An example of this can be seen in his image Discovering Grace, which was shot in his parents’ village in Guangdong, China, and features toy planes and smoke bombs. McCheung explains: “The experimentation that happened during the shoot is when I realised I had a few spare smoke bombs in my bag from another photoshoot, which I felt could add something to my story. I fired these off in the area and captured this in various angles.
“The experimentation then continued in postproduction when playing with the various positions of the planes to get the right feeling of flight direction and pathway for a dog fight. The smoke that was spontaneously captured on set really added the element of drama to the scene which I spent countless hours composing.”

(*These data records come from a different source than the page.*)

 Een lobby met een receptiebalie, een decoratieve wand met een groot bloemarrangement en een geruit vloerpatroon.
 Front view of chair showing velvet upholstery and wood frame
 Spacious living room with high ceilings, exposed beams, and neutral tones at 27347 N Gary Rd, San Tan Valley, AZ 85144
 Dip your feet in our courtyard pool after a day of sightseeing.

McCheung also explores self-portraiture, drawing influence from the traditionally formal style of an Asian family portrait, as well as unusual influences such as Pokémon and The Jungle Book which pair humans with their animal counterparts.
He also examines issues which dominate contemporary dialogue in his work, such as climate change, or more personal issues such as autism, a condition which his sister has lived with for the past 30 years. In his latest photographic series, titled Touched by the Abyss, he went to great lengths to orchestrate an image that he felt represented his sister’s experience of autism, covering his head and bare torso with an octopus for a self-portrait symbolising the sensation of human touch, which can be overwhelming for an autistic person.

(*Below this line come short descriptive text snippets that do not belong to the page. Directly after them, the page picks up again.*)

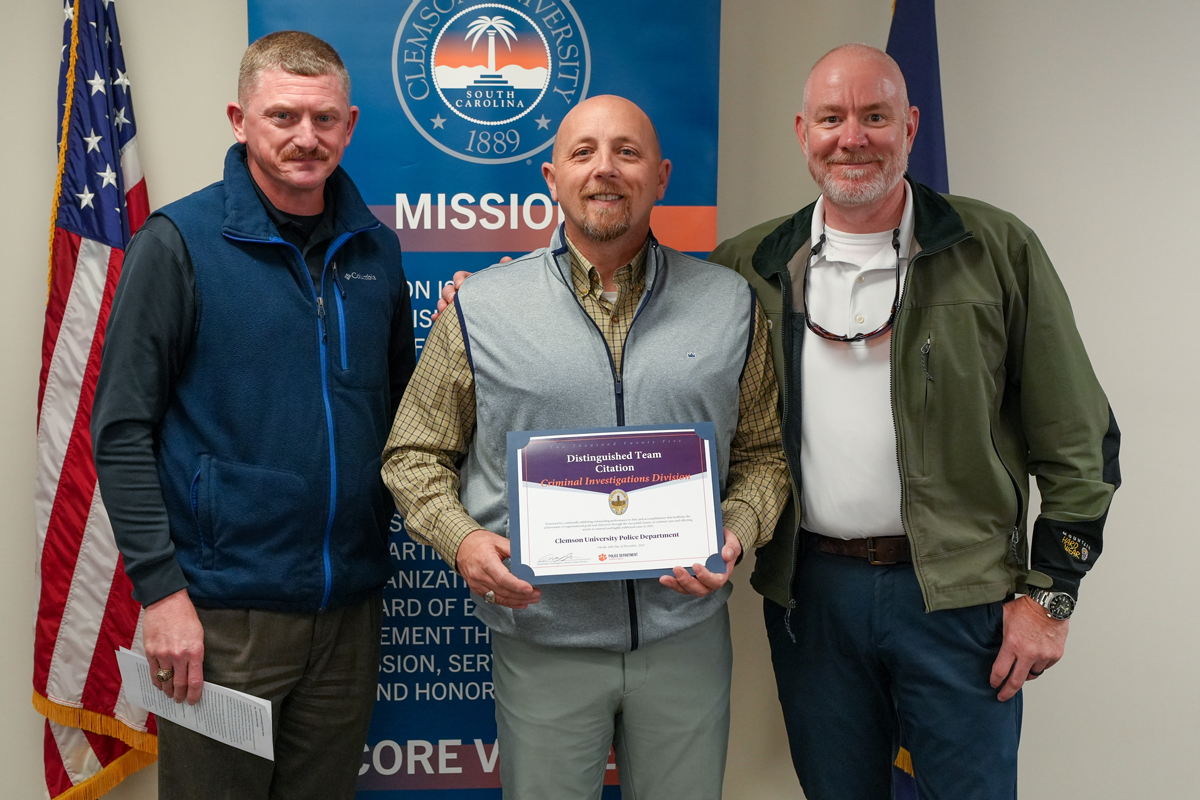 Three men pose with a Distinguished Team Citation certificate in front of a Clemson University Police Department banner and U.S. flag.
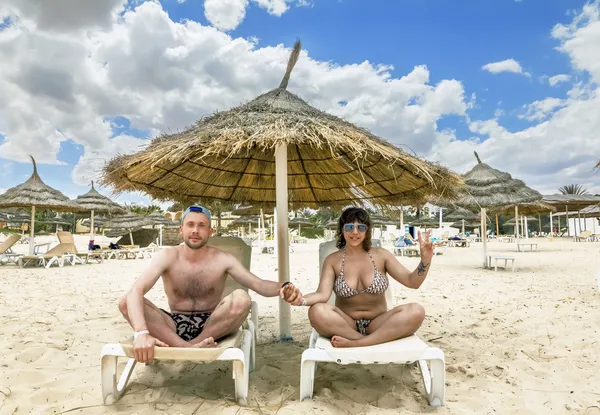 Tanned girl in bikini and a man sitting under an umbrella on the — Stock Photo, Image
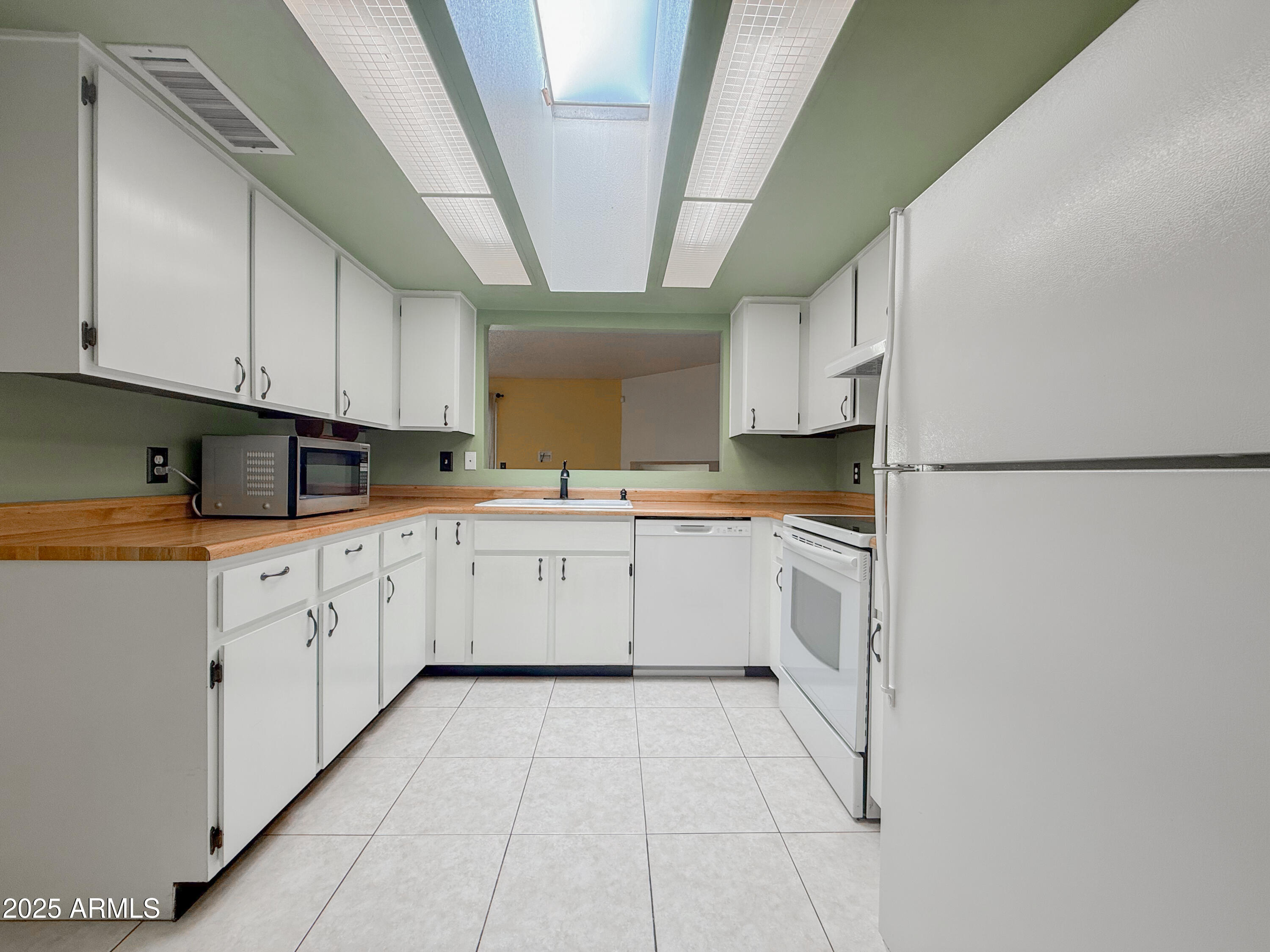 850 West Duke Drive Tempe, AZ 85283 - Photo 8 of 18 a kitchen with granite countertop white cabinets and white appliances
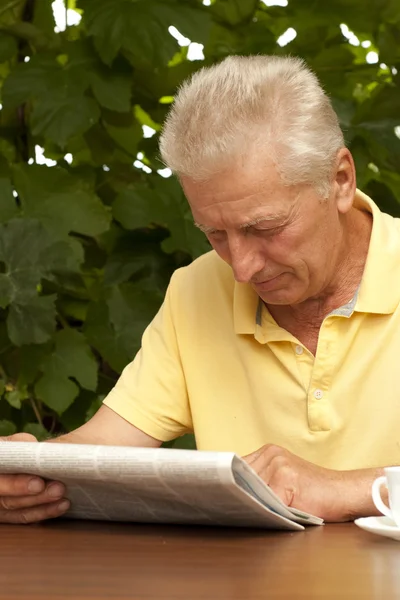 Διαβάζοντας την εφημερίδα παλαιότερη άνθρωπος που κάθεται στη βεράντα — Φωτογραφία Αρχείου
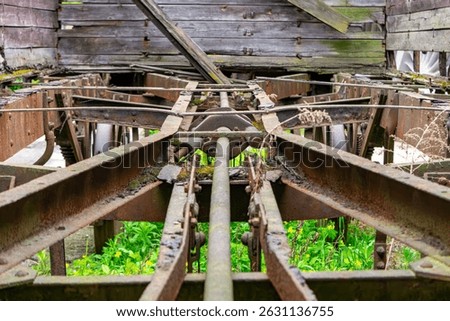 Underside view of a rusted train car frame and suspension components in an old, decaying railway wagon. Corroded beams, mechanical linkages, and overgrown vegetation create a sense of industrial aband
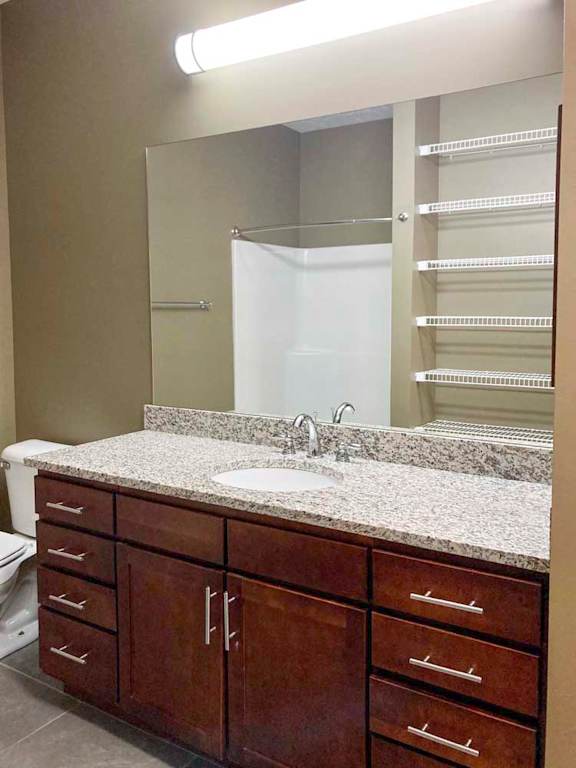 A bathroom with a wide granite vanity sink, dark cabinets, an oversized mirror with overhead lighting, and a walk-in shower.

He explains: “Usually holding hands and warm hugs serve as a welcoming way of expressing love and comforting support, however in the case of my sister, she would shrug away and express signs of anxiety and claustrophobia. In order to put the audience in the subject’s position, I used an octopus that was purchased from a fishmonger to create an image that would expressively create a cold and creepy feeling to the bare, naked skin.”
For his recent climate issue series, McCheung communicates his concerns about global warming through a surreal lens. His enduring commitment to an idea saw him travel to Iceland with a glass fish bowl, which he placed in the frame of his photographs as a metaphor for an “adventurous astronaut”. During his journey he spoke to locals who voiced their concerns about climate change and its impact on future generations.
McCheung says: “The climate change series is a ten-part image story depicting the journey of the astronaut landing on an alien planet and admiring the landscape through his glass helmet. As the journey continues on, the glass helmet cracks open and reveals the crumbling effects of climate change to the astronaut, thus waking him up to the truth that this is actually planet Earth.”
McCheung’s spellbinding photography is inventive and original, with each scenario painstakingly created to convey a narrative. This talented photographer seems to have an infinite number of tricks up his sleeve, and it will be fascinating to see what he does next.